In petermeissner/wikipediadumbs: Handling Wikipedia Page View Dumps

library(wpd)
knitr::opts_chunk$set(echo = TRUE)

Database

Version and size

To store data for processing a PostgreSQL database was set up (Version 9.5 on Linux Ubuntu 16.04) taking up r wpd_size()$size_human of disk space.

Software

To handle scripts, tasks, helper functions, database connections, ... basically all code ... an git repository ('wpd') was created entailing scripts, reports and an R-package ('wpd'). While reports document decissions and the general design and scripts execute specific tasks (e.g. download page titles, upload page titles, ...) most functionality and especially all logic is encapsulated in the the functions of the R-package.

Version Control

Version control was set up as Git with a private remote repository hosted on Gitlab:

https://gitlab.com/wikidumpsplegacy/wpd
git@gitlab.com:wikidumpsplegacy/wpd.git

Dictionaries

Data processing

To have a set of valid page titles for building up a dictionary page title dumps were used. Unfortunate, page title information are only provided for the last 3 months (https://dumps.wikimedia.org/other/pagetitles/) and also dumps of the whole Wikipedia could only be found for the most recent 3 months (https://dumps.wikimedia.org/other/static_html_dumps/)

There are however page title dumps for some very early and very specific points in time 2007-2008 (https://dumps.wikimedia.org/other/static_html_dumps/). Of those early page title dumps the most recent ones (2018-07-01) were used for the dictionary tables. Unfortunate page titles for those early dumps have some weird characteristics: For random pages seemingly random character wide hexa-decimals ahve been added - since there is no clear algorithm to decide whether or not the last 4 characters of a title are those random strings both - a cleaned up version of the title and a potential maleformed version -- have been added to the dictionaries. Later when time series data is added titles with no page views or page views below a certain threshhold will be droped.
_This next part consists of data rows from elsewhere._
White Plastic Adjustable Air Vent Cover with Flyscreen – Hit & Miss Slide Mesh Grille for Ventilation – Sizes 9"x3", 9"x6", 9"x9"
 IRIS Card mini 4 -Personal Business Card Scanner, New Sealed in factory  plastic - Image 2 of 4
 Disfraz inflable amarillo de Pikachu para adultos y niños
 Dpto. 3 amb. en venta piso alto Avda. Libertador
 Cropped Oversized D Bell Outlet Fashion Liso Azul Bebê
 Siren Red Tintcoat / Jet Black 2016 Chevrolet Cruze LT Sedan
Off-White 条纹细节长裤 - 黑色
res <- wpd_get_queries(paste0(" select count(*) from dict_", wpd_languages, ";"))
dict_count <- format(sum(res$return.count), big.mark=",")

res2 <- wpd_get_queries(paste0(" select count(*) from dict_source_", wpd_languages, ";"))
dict_source_count <- format(sum(res2$return.count), big.mark=",")

All dictionary data sums up to 10 Gb of disk space and the upload of new and old page titles took around 6 hours resulting in r dict_count dictionary entries combined from r dict_source_count page titles from bath old and new page title dumps.

To get page title information for the time in between 2008 and 2018 it was tried to find information on page history to build up graph data for page history (renames, splits and joins) with no result.

Basic table structure

Basic table structure for dictionary data

CREATE TABLE IF NOT EXISTS dict_en (
  page_id SERIAL PRIMARY KEY,
  page_name TEXT UNIQUE NOT NULL
);

CREATE TABLE IF NOT EXISTS dict_source_en (
  page_id INTEGER REFERENCES dict_en (page_id),
  page_name_date DATE,
  PRIMARY KEY(page_id, page_name_date)
);

CREATE TABLE IF NOT EXISTS page_views_en (
  page_id INTEGER REFERENCES dict_en (page_id),
  page_view_date DATE,
  page_view_count INTEGER
);

Dictionary Upload SQL

Find below an example SQL statement for uploading dictionary data to the database. Uploads and data processing was done in badges of 250,000 titles per upload for performance and especially memory usage reasons - both within the R-session and at the database.

  WITH dict_inserts as (
    INSERT INTO "dict_en" ("page_name")
    VALUES
      ('1996-97_los_angeles_clippers_season'),
      ('1996-97_los_angeles_kings_season'),
      ...
    ON CONFLICT (page_name) DO UPDATE set page_name = EXCLUDED.page_name RETURNING *
  )
  INSERT INTO dict_source_en
    SELECT page_id, '2018-05-12' as page_name_date FROM dict_inserts
    ON CONFLICT DO NOTHING